Prepare the environment:
git clone --recursive -j8 git://github.com/aimagelab/pin.git
conda create -n pin python=3.9 cmake=3.14.0 pybind11
conda activate pin
conda install pytorch=1.13.1 torchvision pytorch-cuda=11.7 -c pytorch -c nvidia
conda install -c fvcore -c iopath -c conda-forge fvcore iopath
conda install pytorch3d -c pytorch3d
conda install pyg pytorch-scatter pytorch-cluster -c pyg
Install habitat simulator and its requirements:
cd dependencies/habitat-sim
pip install -r requirements.txt
python setup.py install --with-cuda --bullet
Install habitat lab and habitat baselines:
cd ../habitat-lab
pip install -e habitat-lab
pip install -e habitat-baselines
Install PInNED requirements:
cd ../..
pip install -r requirements.txt
python3 -m pip install -U 'git+https://github.com/facebookresearch/detectron2.git@ff53992b1985b63bd3262b5a36167098e3dada02'
Follow these steps to prepare the dataset:
-
Download the HM3D dataset: Follow the instructions provided here to download the train and val splits of HM3D dataset for use with Habitat.
-
Move the HM3D scene dataset: After downloading, move the HM3D scene dataset to
data/scene_datasets/hm3d
in your project directory. Alternatively, you can create a symlink at this location pointing to your HM3D dataset. -
Download object assets: Download the object assets from the Objaverse-XL dataset. Using this command:
python -u objects_download.py
After downloading and moving the dataset and objects, your data
folder should have the following structure:
data
├── scene_datasets/
│ └── hm3d/
│ ├── train/
│ │ └── 00000-kfPV7w3FaU5/
│ │ ├── kfPV7w3FaU5.basis.glb
│ │ ├── kfPV7w3FaU5.basis.navmesh
│ │ ├── kfPV7w3FaU5.semantic.glb
│ │ └── kfPV7w3FaU5.semantic.txt
│ └── val/
│ └── 00800-TEEsavR23oF/
│ ├── TEEsavR23oF.basis.glb
│ ├── TEEsavR23oF.basis.navmesh
│ ├── TEEsavR23oF.semantic.glb
│ └── TEEsavR23oF.semantic.txt
└── datasets
└── pin/
└── hm3d/
└── v1/
├── train/
├── val/
├── objects/
├── objects_images/
└── objects_descriptions.json
To launch a shortest path follower, run the following command:
python models/eval/pin/pin_eval.py --exp_name eval_spf \
--config configs/models/pin/pin_hm3d_v1.yaml habitat.dataset.split=val
To evaluate the model with DINOv2, run the following command:
python models/eval/pin/distributed_pin_eval.py --exp_name eval_dinov2 \
--config configs/models/pin/pin_hm3d_rgb_v1_dino.yaml habitat.dataset.split=val
To run experiments without injecting distractors of the same object category as the target object instance, add the following argument:
habitat.task.exclude_cat_distractors=True
Special thanks to the following projects for providing the codebase used in this project:
- Habitat-Lab from Facebook Research
- Habitat-Sim from Facebook Research
- Habitat-Matterport 3D Dataset (HM3D) from Facebook Research
- Objaverse-XL from Allen Institute for AI
- CoWs on Pasture from Robotics & Embodied Artificial Intelligence Lab (REAL) @ Stanford University
- Home Robot from Facebook Research
The episodes of our dataset are built using the scenes from the HM3D dataset. The HM3D scenes are released under the Matterport End User License Agreement, which permits non-commercial academic use.

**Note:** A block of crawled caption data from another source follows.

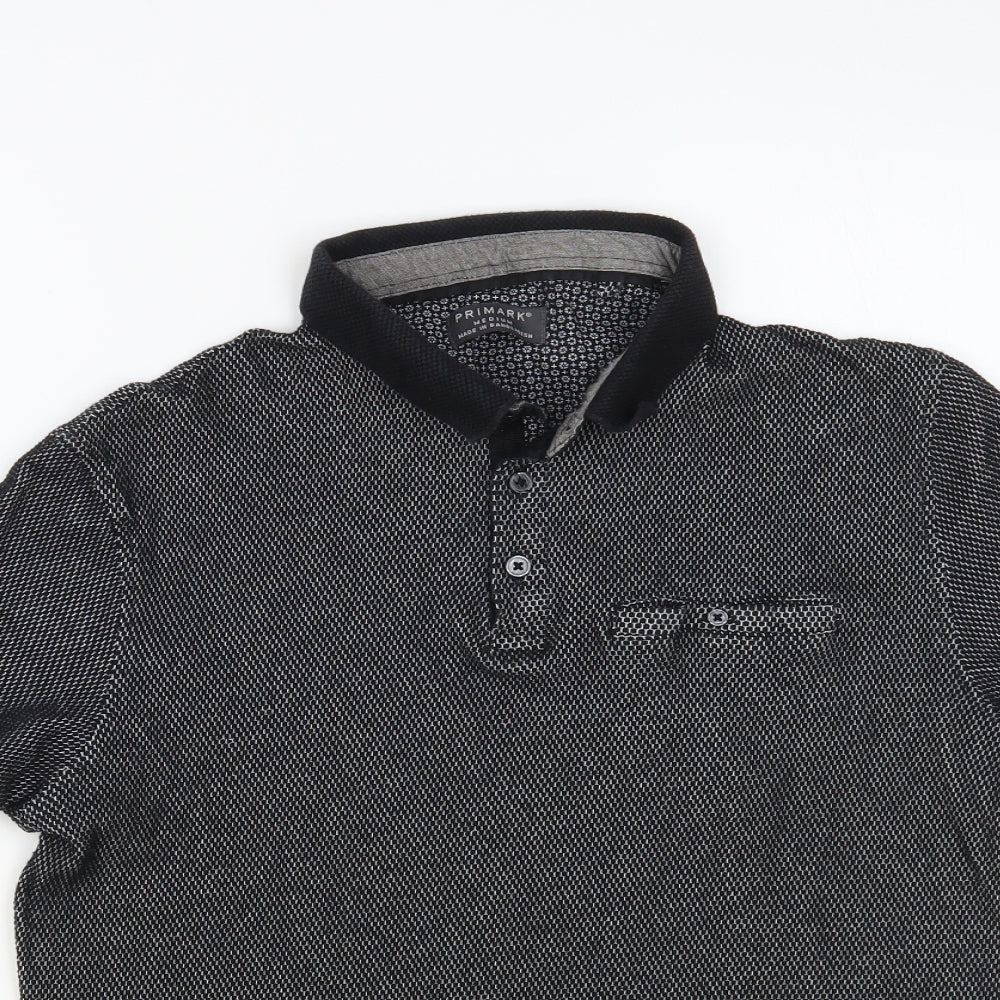 Primark Mens Grey Cotton Polo Size M Collared Button
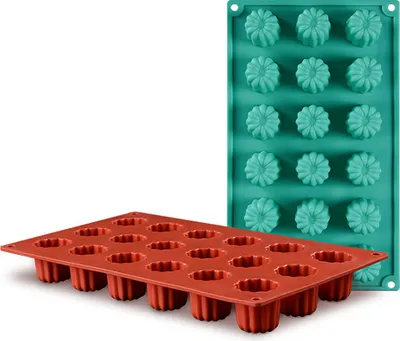 Produktbild von Silikonkuchenform Pie form Antihaft Canneles Französisch Vanillepudding Backform mit spiralförmigen Blüten, Canale-Silikonform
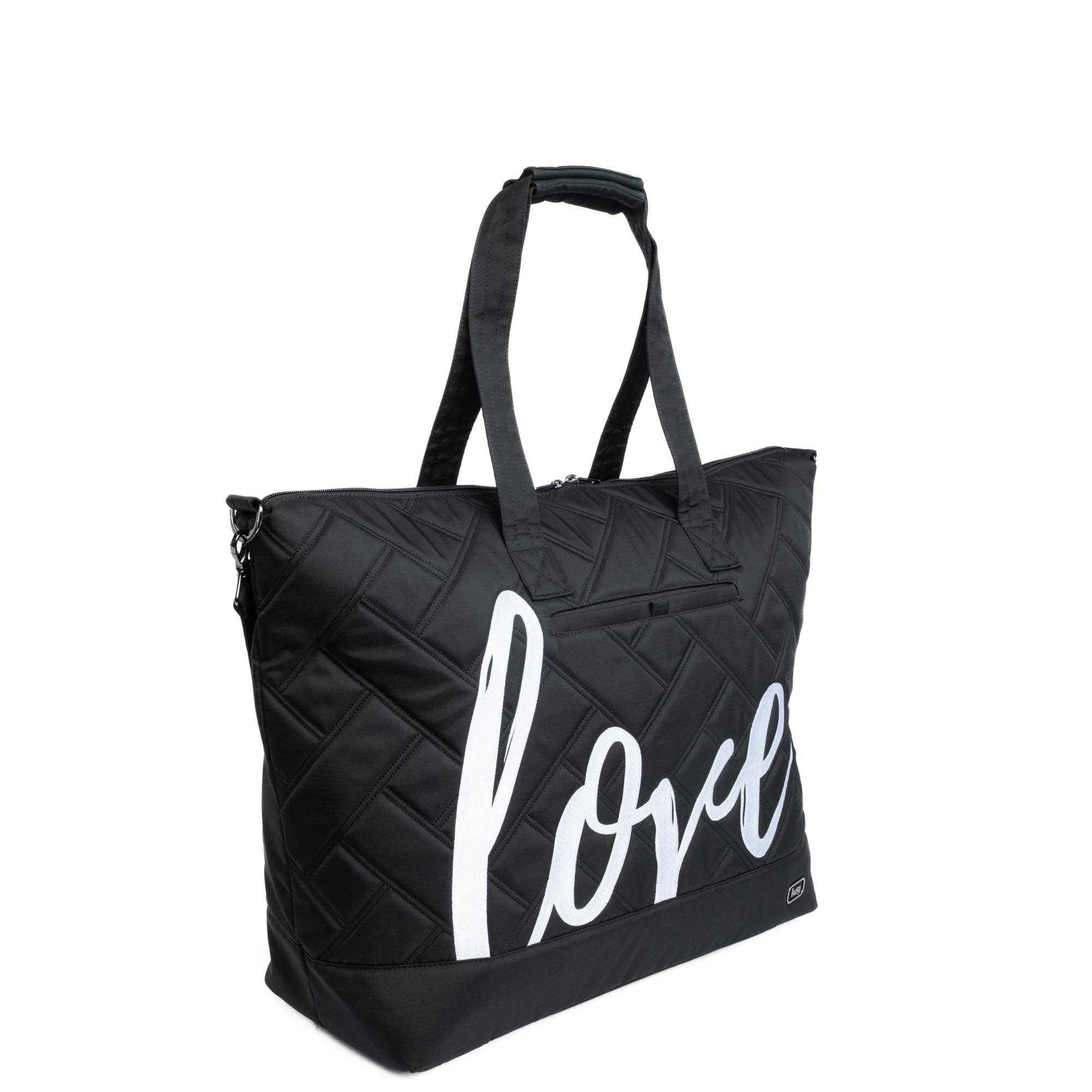 Legacy Collection Aerial Love Tote Bag - BRUSHED BLACK WITH WHITE LOVE - AerialLove_BrushedBlack_02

To augment the scenes of HM3D with additional objects, our dataset utilizes object assets from the Objaverse-XL dataset. Objaverse-XL is distributed under the ODC-By 1.0 license, with individual objects sourced from various platforms, including GitHub, Thingiverse, Sketchfab, Polycam, and the Smithsonian Institution. Each object is subject to the licensing terms of its respective source, necessitating users to evaluate license compliance based on their specific downstream applications.
The selected objects of our dataset are restricted to the assets sourced from Sketchfab which are released under the Creative Commons license.